I Fumetti di Lichtenstein non sono inventati, ma riprendono modelli reali dalla stampa di diffusione sottoponendo tuttavia le immagini ad alcune variazioni, atte a esaltare la particolarità del segno e delle colorazioni. I grossi contorni neri acquistano l’eleganza e l’incisività di un arabesco; la loro elementare e ricolma forza plastica è accresciuta dalla costrizione dell’immagine in una inquadratura che non lascia quasi spazio ai vuoti ed esagera la grandezza dei dettagli.I colori mimano la compatta stesura degli inchiostri tipografici, ma acquistano risalto e purezza.
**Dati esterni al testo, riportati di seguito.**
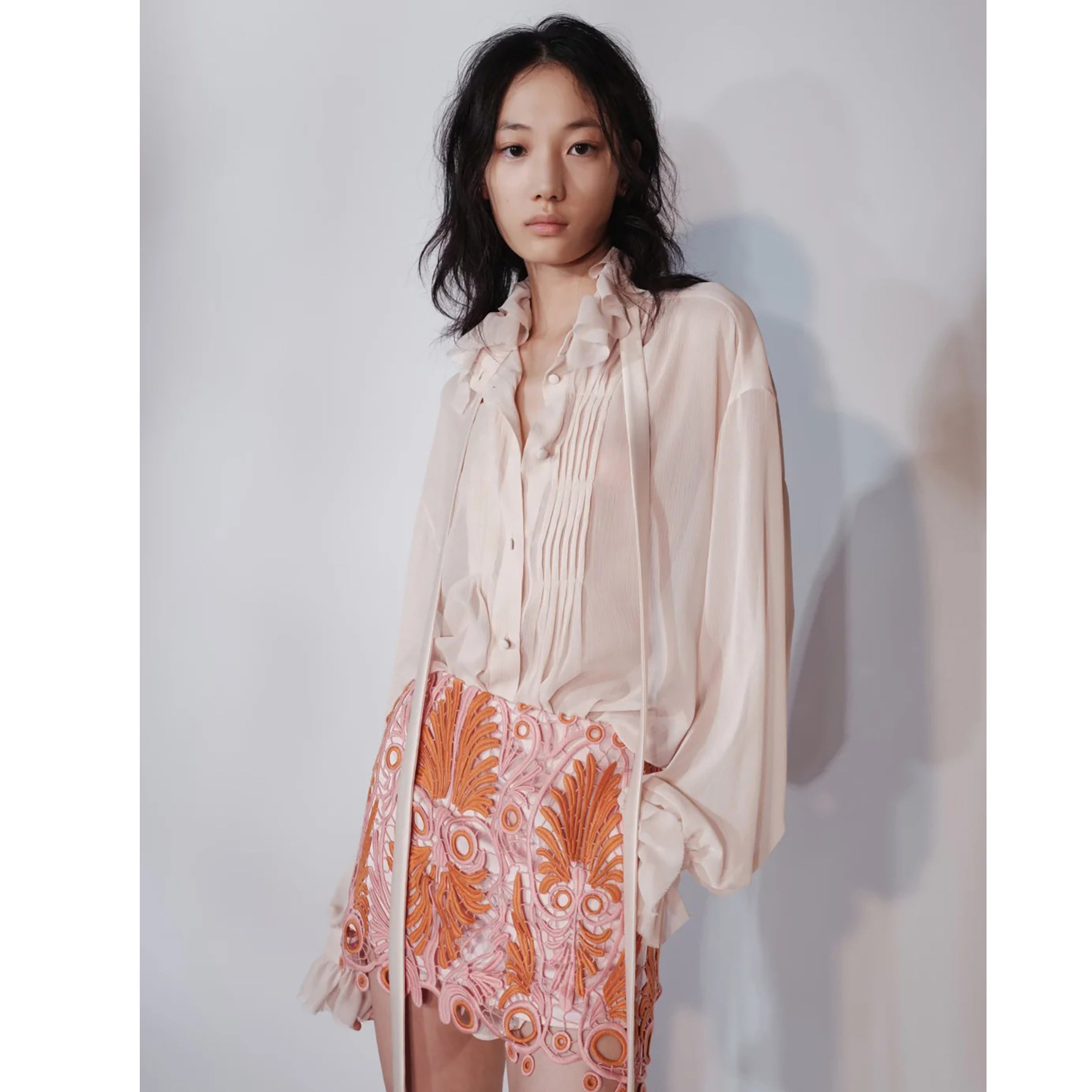 现货 XU ZHI 26春季新品 荷叶边装饰抽褶雪纺衬衫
La forza barbarica delle immagini “popolari” è riscattata in un esercizio di riscrittura, di sofisticata finezza. Le campiture dei volti o di altre parti della scena inquadrata sono trattate con un puntinato che si ispira al ‘retino’ tipografico, ma lo trasforma in una nuova tecnica di rilevamento dell’immagine che ricorda la tradizione del divisionismo.
Particolare, inoltre, è l’alternanza nella scelta di modelli presi a prestito tra fonti colte e fonti popolari, ponendo allo stesso livello il fumetto oppure la riproduzione di un tempio greco, o di un quadro di Cézanne, di Picasso o di Mondrian.
Un’operazione analoga a quella di Lichtenstein compiono, sempre all’inizio degli anni Sessanta, altri esponenti della Pop Art come James Rosenquist, Tom Wesselmann e Robert Indiana, che si ispirano a cartelloni pubblicitari, illustrazioni di riviste e panoramiche della vita moderna.